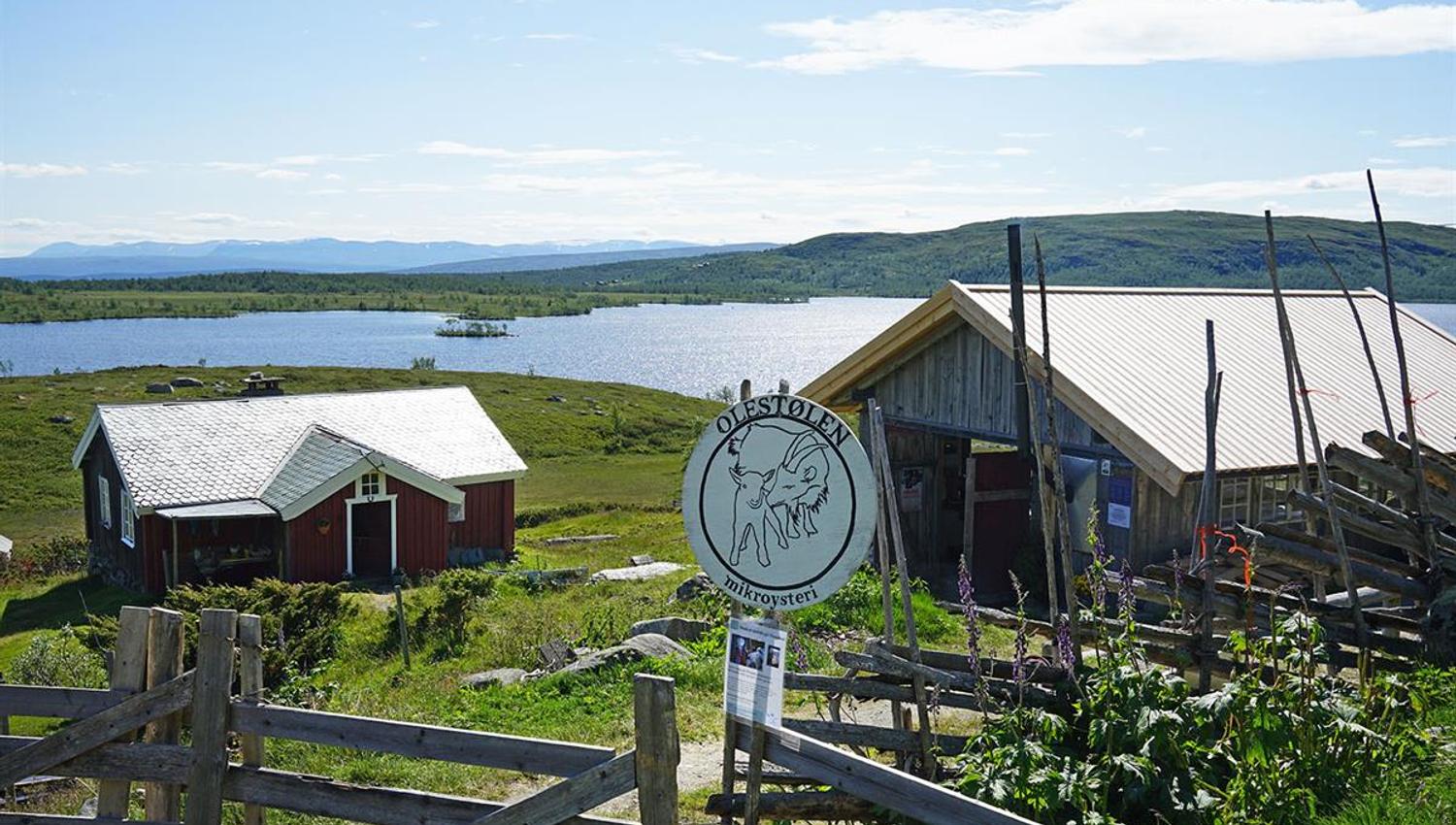 Almkäse von Olestølen Mikroysteri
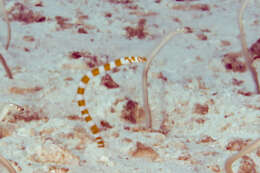 Image of Splendid garden eel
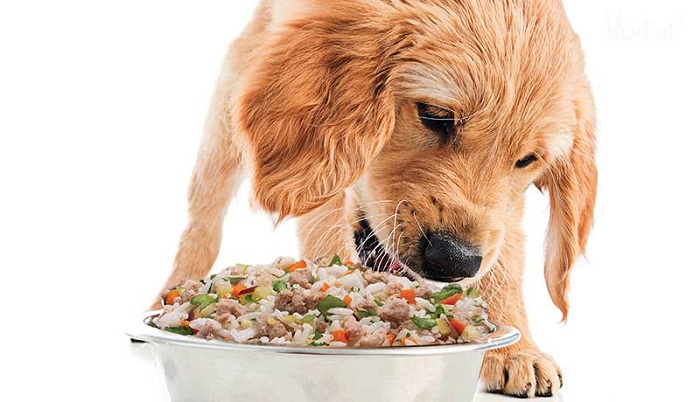 Chó ăn bao nhiêu hạt là đủ?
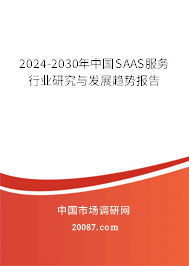 2024-2030年中国SAAS服务行业研究与发展趋势报告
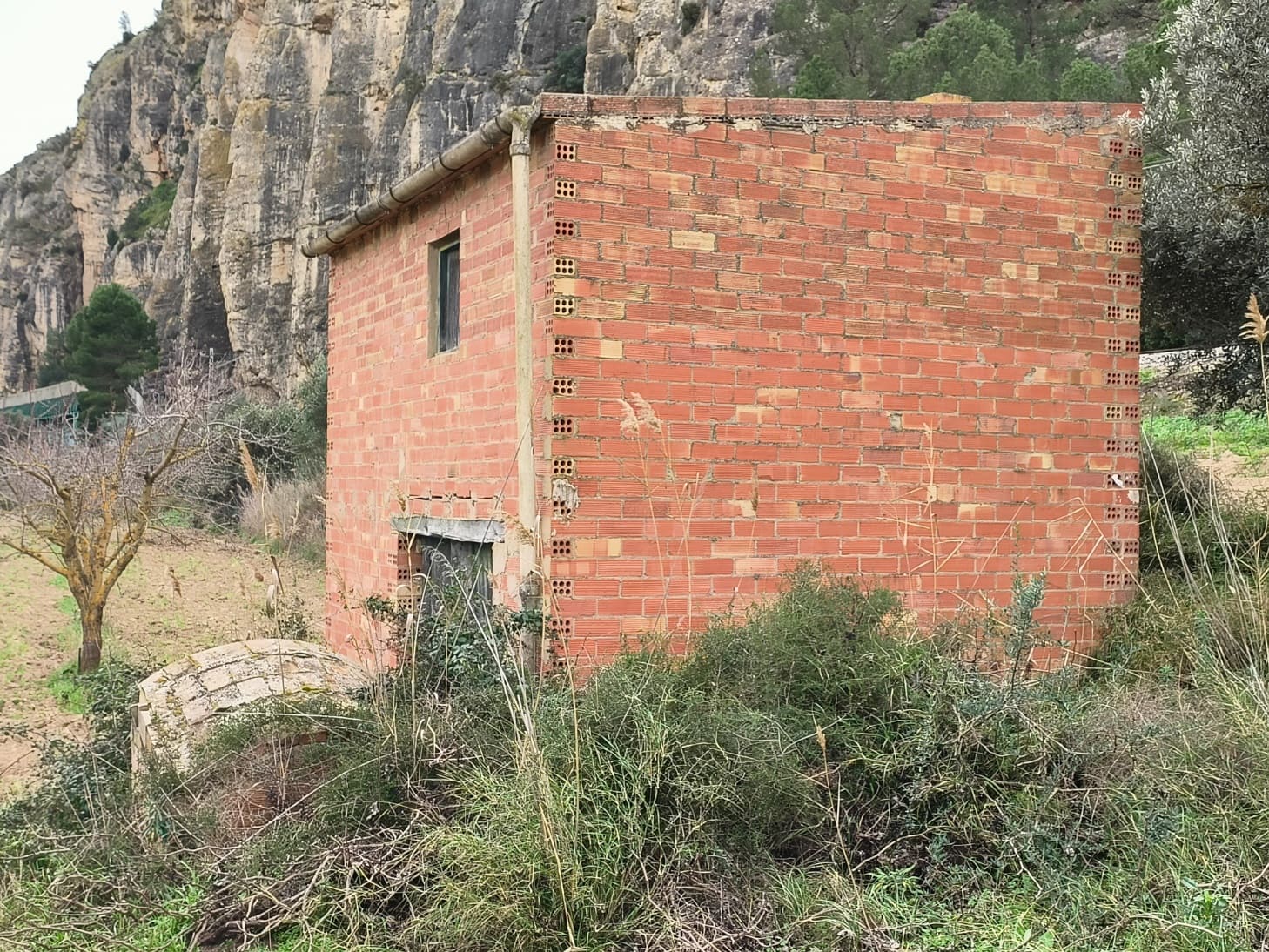 Finca/Casa di Campagna in vendita in Asco - 29.000 € (Rif: 8792996)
^^^^
= WORK TO COMPLETE =
Every line between the one containing "Image of Splendid garden eel" and the last line of the data above, both included, should be copied exactly, but not the pictures.

= EXERCISE SOLUTION =
 Image of Splendid garden eel
 Chó ăn bao nhiêu hạt là đủ?
 2024-2030年中国SAAS服务行业研究与发展趋势报告
 Finca/Casa di Campagna in vendita in Asco - 29.000 € (Rif: 8792996)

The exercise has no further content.